There’s been a Poirot-sized hole in the schedules ever since ITV aired the final episode of the Suchet series, but Partners in Crime, a new six-part Agatha Christie adaptation, should fill it very nicely. David Walliams and Call the Midwife’s Jessica Raine star as Tommy and Tuppence, a married couple who turn investigative team when they stumble upon a story of intrigue and adventure on the 15.10 train from Paris to Londres.
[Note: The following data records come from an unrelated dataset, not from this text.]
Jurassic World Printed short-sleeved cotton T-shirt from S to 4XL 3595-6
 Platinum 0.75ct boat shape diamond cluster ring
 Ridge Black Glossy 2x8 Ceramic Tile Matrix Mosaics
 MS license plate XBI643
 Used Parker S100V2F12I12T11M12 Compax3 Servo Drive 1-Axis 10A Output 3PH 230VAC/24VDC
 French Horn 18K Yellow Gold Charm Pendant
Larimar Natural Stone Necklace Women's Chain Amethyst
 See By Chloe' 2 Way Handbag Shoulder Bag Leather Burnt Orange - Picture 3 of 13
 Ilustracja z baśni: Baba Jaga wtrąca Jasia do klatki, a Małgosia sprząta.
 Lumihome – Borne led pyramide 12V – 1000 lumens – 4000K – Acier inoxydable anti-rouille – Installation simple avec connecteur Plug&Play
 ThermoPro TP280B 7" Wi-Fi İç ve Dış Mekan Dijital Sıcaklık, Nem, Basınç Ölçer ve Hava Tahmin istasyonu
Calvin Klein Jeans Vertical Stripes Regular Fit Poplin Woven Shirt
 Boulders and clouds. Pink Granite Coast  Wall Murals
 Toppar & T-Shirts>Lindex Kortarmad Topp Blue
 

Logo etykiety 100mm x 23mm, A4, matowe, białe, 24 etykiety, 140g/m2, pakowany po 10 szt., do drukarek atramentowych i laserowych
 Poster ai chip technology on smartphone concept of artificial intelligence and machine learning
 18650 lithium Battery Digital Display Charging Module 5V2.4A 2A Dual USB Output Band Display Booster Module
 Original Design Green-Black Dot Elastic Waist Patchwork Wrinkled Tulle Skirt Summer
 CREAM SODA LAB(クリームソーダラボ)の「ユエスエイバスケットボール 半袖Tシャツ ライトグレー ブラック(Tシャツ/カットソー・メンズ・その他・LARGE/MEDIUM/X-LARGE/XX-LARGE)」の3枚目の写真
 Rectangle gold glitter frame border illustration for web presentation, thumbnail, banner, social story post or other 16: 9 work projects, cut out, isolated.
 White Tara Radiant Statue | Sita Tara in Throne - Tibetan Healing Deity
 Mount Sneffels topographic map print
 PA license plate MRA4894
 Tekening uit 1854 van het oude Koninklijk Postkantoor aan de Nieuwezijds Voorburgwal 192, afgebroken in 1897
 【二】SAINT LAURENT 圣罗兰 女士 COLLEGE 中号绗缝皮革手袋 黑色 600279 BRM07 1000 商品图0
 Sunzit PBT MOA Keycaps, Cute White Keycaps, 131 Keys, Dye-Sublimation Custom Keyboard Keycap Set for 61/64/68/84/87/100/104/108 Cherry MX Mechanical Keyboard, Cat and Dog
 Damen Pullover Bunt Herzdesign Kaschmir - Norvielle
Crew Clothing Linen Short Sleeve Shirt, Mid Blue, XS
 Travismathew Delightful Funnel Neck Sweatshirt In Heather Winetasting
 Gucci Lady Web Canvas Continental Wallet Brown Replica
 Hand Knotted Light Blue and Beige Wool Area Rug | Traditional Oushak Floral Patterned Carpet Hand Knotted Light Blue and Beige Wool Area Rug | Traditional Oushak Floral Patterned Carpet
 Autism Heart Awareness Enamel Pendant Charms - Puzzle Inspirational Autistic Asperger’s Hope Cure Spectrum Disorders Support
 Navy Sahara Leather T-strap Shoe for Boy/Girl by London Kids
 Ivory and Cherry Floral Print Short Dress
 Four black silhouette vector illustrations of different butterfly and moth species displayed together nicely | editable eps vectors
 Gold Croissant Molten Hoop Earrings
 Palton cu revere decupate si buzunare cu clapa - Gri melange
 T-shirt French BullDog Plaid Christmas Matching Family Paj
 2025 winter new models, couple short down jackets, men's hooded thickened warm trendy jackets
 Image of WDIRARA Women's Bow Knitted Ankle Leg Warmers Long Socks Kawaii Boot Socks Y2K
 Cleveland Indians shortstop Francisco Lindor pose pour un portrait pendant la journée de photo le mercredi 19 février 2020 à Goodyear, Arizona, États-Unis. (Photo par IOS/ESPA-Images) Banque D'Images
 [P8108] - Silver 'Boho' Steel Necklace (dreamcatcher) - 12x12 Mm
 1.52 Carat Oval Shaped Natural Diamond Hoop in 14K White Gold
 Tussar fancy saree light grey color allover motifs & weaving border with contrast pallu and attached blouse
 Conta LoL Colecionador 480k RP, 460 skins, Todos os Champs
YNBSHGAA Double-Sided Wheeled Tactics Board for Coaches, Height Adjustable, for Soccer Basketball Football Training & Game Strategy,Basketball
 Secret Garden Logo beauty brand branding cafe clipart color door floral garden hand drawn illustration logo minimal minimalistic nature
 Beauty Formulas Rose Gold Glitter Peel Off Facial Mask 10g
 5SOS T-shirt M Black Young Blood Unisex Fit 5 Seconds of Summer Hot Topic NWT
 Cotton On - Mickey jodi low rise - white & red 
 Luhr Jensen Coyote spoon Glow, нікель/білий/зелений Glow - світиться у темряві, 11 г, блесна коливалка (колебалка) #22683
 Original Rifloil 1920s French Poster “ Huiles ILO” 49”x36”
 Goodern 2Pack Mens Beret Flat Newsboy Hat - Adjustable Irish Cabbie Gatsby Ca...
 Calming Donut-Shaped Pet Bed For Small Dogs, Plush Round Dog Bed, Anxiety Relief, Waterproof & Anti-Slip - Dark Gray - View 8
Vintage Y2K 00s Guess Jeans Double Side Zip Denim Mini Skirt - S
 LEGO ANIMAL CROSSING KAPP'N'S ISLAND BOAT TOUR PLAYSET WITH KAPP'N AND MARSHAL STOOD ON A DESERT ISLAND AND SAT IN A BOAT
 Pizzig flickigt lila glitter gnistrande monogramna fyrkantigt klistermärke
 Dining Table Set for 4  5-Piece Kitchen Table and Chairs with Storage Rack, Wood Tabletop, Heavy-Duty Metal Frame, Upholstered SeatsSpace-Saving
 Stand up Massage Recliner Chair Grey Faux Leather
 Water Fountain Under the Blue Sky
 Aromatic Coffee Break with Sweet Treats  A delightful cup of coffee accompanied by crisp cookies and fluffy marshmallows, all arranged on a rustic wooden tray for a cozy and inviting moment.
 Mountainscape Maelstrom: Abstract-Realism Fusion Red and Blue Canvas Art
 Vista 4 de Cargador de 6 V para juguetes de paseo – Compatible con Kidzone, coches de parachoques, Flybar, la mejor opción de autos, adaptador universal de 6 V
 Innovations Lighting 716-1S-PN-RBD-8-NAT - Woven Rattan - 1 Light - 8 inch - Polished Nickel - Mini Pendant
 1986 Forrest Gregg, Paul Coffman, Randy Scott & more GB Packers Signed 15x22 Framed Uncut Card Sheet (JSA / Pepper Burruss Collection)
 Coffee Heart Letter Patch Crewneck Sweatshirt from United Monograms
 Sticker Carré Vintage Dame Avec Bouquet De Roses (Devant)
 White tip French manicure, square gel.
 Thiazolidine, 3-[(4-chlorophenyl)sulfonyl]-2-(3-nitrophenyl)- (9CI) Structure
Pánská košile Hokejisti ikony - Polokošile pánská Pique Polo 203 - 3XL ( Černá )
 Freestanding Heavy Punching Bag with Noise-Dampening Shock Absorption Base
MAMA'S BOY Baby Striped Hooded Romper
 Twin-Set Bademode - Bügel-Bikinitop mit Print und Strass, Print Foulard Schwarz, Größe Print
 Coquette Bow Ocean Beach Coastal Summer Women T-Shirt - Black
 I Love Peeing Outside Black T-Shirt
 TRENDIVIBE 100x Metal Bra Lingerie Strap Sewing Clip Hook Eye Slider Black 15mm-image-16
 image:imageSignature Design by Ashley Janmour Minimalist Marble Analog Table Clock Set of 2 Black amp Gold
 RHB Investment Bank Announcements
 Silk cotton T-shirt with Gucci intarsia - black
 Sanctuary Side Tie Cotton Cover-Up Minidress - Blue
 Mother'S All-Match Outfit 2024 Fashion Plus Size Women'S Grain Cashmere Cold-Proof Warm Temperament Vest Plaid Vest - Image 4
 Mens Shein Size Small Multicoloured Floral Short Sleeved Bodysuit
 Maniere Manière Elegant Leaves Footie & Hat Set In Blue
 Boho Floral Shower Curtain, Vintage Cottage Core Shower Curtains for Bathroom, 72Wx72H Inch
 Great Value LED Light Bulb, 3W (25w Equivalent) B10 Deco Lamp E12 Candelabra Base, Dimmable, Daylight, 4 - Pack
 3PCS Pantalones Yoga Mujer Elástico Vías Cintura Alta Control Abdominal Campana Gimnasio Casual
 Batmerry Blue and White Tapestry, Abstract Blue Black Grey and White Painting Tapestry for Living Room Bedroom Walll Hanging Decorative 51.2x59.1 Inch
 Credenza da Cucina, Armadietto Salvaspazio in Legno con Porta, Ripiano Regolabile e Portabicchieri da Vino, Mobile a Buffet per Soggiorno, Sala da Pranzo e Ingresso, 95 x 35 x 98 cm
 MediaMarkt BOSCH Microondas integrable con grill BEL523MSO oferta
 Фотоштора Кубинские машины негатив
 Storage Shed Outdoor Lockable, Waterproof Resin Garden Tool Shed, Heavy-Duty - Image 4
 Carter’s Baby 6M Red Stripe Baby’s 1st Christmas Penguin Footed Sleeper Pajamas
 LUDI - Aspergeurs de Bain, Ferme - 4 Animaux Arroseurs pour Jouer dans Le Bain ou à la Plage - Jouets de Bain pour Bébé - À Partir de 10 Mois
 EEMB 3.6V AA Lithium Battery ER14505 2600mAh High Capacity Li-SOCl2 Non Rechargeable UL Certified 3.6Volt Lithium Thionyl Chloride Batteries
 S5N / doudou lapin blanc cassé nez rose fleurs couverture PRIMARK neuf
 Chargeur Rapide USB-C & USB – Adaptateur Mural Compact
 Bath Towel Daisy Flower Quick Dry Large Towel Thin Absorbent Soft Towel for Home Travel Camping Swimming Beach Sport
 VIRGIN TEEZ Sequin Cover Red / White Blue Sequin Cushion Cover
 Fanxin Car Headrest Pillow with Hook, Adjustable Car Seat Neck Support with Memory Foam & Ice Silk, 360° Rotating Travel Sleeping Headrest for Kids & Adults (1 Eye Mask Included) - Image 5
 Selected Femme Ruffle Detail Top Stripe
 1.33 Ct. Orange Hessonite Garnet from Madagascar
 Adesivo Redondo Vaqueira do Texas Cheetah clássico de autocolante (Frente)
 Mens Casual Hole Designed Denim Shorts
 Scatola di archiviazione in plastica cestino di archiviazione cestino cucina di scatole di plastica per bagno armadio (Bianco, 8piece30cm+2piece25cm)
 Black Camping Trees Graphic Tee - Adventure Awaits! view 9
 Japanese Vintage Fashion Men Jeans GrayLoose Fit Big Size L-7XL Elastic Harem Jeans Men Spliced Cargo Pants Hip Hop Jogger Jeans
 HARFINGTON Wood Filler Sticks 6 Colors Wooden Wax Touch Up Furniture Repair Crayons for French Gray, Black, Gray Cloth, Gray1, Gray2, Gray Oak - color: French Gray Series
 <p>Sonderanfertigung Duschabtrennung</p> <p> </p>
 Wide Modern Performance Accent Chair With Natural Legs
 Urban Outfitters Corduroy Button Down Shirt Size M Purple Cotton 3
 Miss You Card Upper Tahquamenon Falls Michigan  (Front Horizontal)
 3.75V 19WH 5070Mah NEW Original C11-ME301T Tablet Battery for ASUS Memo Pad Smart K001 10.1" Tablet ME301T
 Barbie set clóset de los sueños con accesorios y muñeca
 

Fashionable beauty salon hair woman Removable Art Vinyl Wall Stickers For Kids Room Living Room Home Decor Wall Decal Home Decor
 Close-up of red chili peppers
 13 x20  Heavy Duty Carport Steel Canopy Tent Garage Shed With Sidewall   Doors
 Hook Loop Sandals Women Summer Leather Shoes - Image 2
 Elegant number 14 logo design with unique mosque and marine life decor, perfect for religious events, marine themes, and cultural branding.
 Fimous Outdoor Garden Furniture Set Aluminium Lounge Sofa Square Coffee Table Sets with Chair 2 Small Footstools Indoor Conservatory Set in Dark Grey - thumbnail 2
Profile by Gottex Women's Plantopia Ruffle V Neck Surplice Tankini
Part of the enjoyable comfort of Christie on TV is the period detail and the BBC has pulled this off with much more visual flair than ITV ever managed. Events from the original 1922 novel, The Secret Adversary, have been transposed to 1952, allowing for a nicely Hitchcockian title sequence, in which our two leads are menaced by geometric shapes in various shades of blue. Raine and Walliams are also as well turned out as Cary Grant and Eva Marie Saint, or James Stewart and Kim Novak; it’s only a shame their interactions don’t fizz with the same sexual chemistry.

At least the two leads are individually endearing. Raine plays Tuppence as both meddlesome and mettlesome and there was a nice running gag about the unlikely places she’d picked up her super-spy skill-set (“at boarding school”, in “Girl Guides” and from “Dorothy L Sayers novels”, apparently). Tommy, meanwhile, is nerdishly obsessed with the mating habits of honey bees and dismally fails to live up to the 1950s ideal of the male provider. This much was pointed out by Carter, the uncle in MI5, whose dismissive characterisation of his nephew  as “a slippers and pipe man” spurred Tommy to join in his wife’s adventures.


Carter (The Vicar of Dibley’s James Fleet) heads up a promising cast of support characters that also includes Tommy’s old war buddy-turned-one-handed mad chemistry professor Albert (Matthew Steer) and The Wire’s Clarke Peters lending some transatlantic glamour as the murder victim’s wealthy American uncle.